Work to complete
Once the line containing "imageFisherPrice Little People" is found, return it and every line that follows, up to and including the final line of the material, exactly as written.

Source material
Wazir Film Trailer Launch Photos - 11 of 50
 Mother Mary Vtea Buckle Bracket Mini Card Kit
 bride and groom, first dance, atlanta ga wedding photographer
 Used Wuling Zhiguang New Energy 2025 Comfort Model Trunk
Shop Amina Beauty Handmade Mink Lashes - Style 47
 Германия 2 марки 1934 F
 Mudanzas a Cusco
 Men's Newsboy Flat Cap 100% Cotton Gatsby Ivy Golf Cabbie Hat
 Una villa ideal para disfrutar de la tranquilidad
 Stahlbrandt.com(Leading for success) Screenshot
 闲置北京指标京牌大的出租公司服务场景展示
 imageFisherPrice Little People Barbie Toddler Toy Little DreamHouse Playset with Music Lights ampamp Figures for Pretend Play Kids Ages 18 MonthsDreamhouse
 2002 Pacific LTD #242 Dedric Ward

Result
 imageFisherPrice Little People Barbie Toddler Toy Little DreamHouse Playset with Music Lights ampamp Figures for Pretend Play Kids Ages 18 MonthsDreamhouse
 2002 Pacific LTD #242 Dedric Ward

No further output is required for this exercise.